I drank some more of my coffee and we sat in silence for a while.
‘I miss her terribly, you know,’ Mary said unhappily.
‘So do I.’
Tears rolled down Mary’s cheeks and dripped onto her scrubbed pine kitchen table. It was as much as I could do not to cry with her.
And straight into this tableau of misery walked Joe Bradbury.
‘Hi, Mum, it’s only me,’ he called as he walked through the front door. ‘What is Amelia’s car doing outside?’
He came into the kitchen and saw me.
‘What the fuck are you doing?’ he shouted. ‘Get out of here at once.’

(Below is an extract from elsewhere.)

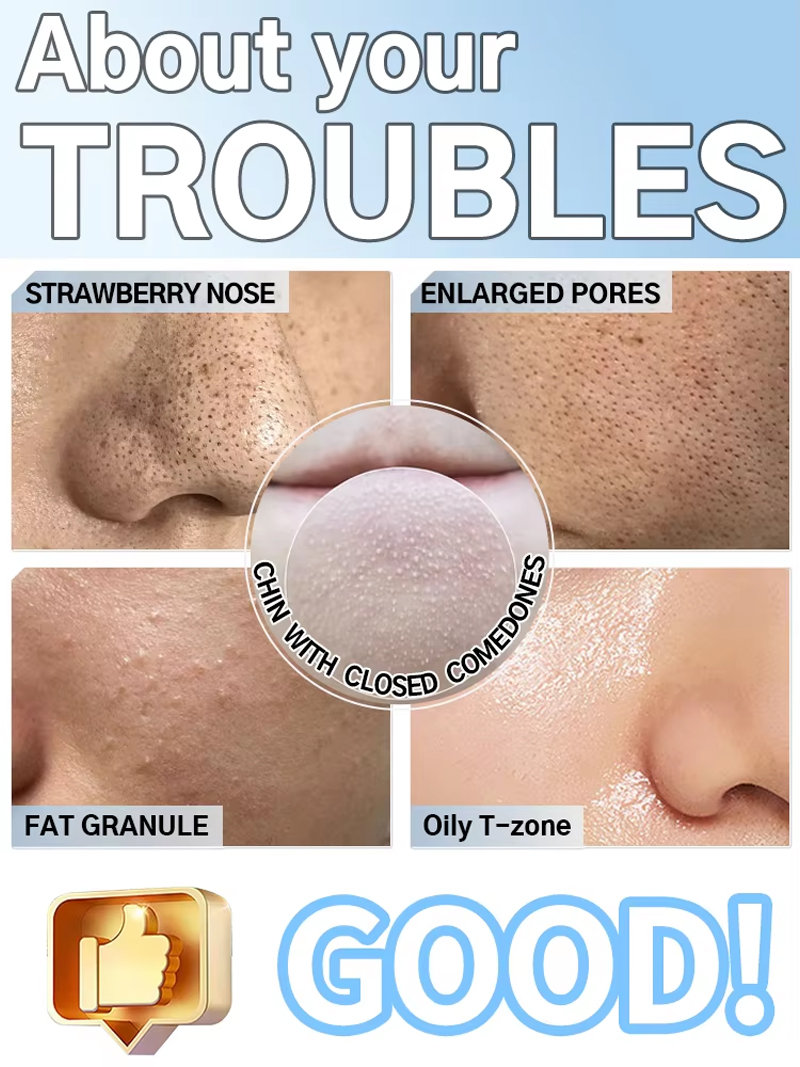 Blackhead Remover Pore Cleaner - Pore Vacuum ulasan dan harga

‘I’ll leave only if your mother asks me to.’
He turned to her. ‘Tell him to get out,’ he demanded.
‘Now, now, dear,’ Mary said. ‘Why can’t you two be friends?’
‘Friends?’ he screamed. ‘With him? Don’t be stupid. He killed your daughter.’
‘I did not,’ I said. ‘And you know it.’
‘Get out,’ he shouted at me again.
I remained exactly where I was. I was fed up with always taking the course of least resistance, of not antagonising him in order to have a quiet life. It was time to stand up to his bullyboy tactics and face him down. But what I hadn’t expected was for him to grab a large carving knife from the block beside the cooker.
‘Now, get out,’ he said, brandishing the eight-inch blade in my direction. ‘I won’t ask you again.’